Disease	Accepted paradigm	New paradigm	Medical and social impact
Iron deficiency1	The management of ID is palliative and is based on iron supplementation[38], but it often does not treat the immediate cause of ID[41]	With the incorporation of ID in the international consensus and management guides on H. pylori infection as an indication to "seek and eradicate"[19-28], a new paradigm was generated. The etiology of ID can be infectious and eradication of H. pylori can be enough to "cure" in the strict sense of the word[52-56]	Under the new paradigm, eradication of the infection can correct ID, in addition to restoring health[52-56] and increase the productivity of the infected people[38]. It also reduces the prevalence of H. pylori infection and associated diseases such as gastric cancer[4], and peptic acid disease[3]
Vitamin B12 deficiency2	Vitamin B12 deficiency management is palliative and is based on the supplementation of vitamin[38], but often it does not treat the underlying cause of deficiency of vitamin B12[320]	With the incorporation of vitamin B12 deficiency in the international consensus and management guides on H. pylori infection as an indication to "seek and eradicate"[25,27] a new paradigm was generated. The etiology of vitamin B12 deficiency can be infectious, and the eradication of H. pylori can be enough to "correct" in the strict sense of the word[52-56,131]	Under the new paradigm, eradication of the infection can correct the vitamin B12 deficiency, and the patient can avoid palliative treatment[131] associated with chronic disease[38]. These include the closely related gastric cancer and diverse diseases such as Alzheimer's disease[108,109], dementia[110,111], depression[112], cerebral stroke[113,114] pulmonary embolism[115,116], acute myocardial infarction and coronary heart disease[117]. Additionally, it can prevent other manifestations of vitamin B12 deficiency and in the homocysteine pathway, which can generate high morbidity and mortality with elevated costs for health systems
Immune thrombocytopenia3	Treatment of immune thrombocytopenia is palliative, not curative. It is aimed to control the production of antibodies against platelets by medication or removal of organs that destroy platelets, such as the spleen[140,321]	With the incorporation of immune thrombocytopenia in the international consensus and management guides on H. pylori infection as an indication to "seek and eradicate"[19,21-28] a new paradigm was generated.
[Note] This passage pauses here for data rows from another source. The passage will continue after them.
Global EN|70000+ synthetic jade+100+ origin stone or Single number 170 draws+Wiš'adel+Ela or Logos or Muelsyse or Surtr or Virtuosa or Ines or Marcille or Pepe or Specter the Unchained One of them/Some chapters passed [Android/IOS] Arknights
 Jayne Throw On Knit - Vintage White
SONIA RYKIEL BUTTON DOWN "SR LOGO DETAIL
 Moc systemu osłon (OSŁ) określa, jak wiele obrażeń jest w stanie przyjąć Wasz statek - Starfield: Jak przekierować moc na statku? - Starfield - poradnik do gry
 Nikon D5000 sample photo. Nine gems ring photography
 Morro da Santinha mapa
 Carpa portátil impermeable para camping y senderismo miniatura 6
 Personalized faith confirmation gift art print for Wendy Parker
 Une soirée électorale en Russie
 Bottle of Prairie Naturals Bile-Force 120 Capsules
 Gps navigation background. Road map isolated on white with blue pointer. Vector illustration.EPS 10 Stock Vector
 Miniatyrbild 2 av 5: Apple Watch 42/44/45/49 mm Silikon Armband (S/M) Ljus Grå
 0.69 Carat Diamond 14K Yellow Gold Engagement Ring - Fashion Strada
The etiology of immune thrombocytopenia can be infectious and eradication of H. pylori can be enough to "cure" in the strict sense of word[154-192,204]	Under the new paradigm, where the eradication of the infection corrects the platelet count and is a definitive cure for immune thrombocytopenia, the patient avoids chronic disease[38] and non-curative and palliative treatment[131]. Moreover, eradication of infection in these patients reduces the prevalence of gastric cancer and peptic ulcer disease, which are closely related to high morbidity, mortality and high costs for health systems
Gastric MALT lymphoma	Gastric lymphoma is a manifestation of extranodal non-Hodgkin lymphoma. Treatment includes radical gastrectomy supplemented with total abdominal radiotherapy and chemotherapy, similar to the treatment that administered for other non-Hodgkin lymphomas[322]	With the incorporation of gastric MALT lymphoma in the international consensus and management guides on H. pylori infection as an indication to "investigate and eradicate"[19-37] a new paradigm was generated. The etiology of gastric MALT lymphoma can be infectious and eradication of H. pylori may be sufficient for "cure" in the strict sense of the word[220,261,262]	Under the new paradigm, whereby the eradication of the infection induced a complete remission with a definitive cure of gastric MALT lymphoma immune, the patient avoids a chronic disease[38], with non-curative and palliative treatment[322]. This change transforms a neoplastic disease with difficult and expensive management into an infectious disease with an excellent prognosis and low treatment cost[323]

¹With or without anemia;

²Cobalamine;

³Previously called idiopathic thrombocytopenic purpura and autoimmune thrombocytopenic purpura[138]. H. pylori: Helicobacter pylori; ITP: Immune thrombocytopenic purpura; MALT: Mucosa-associated lymphoid tissue.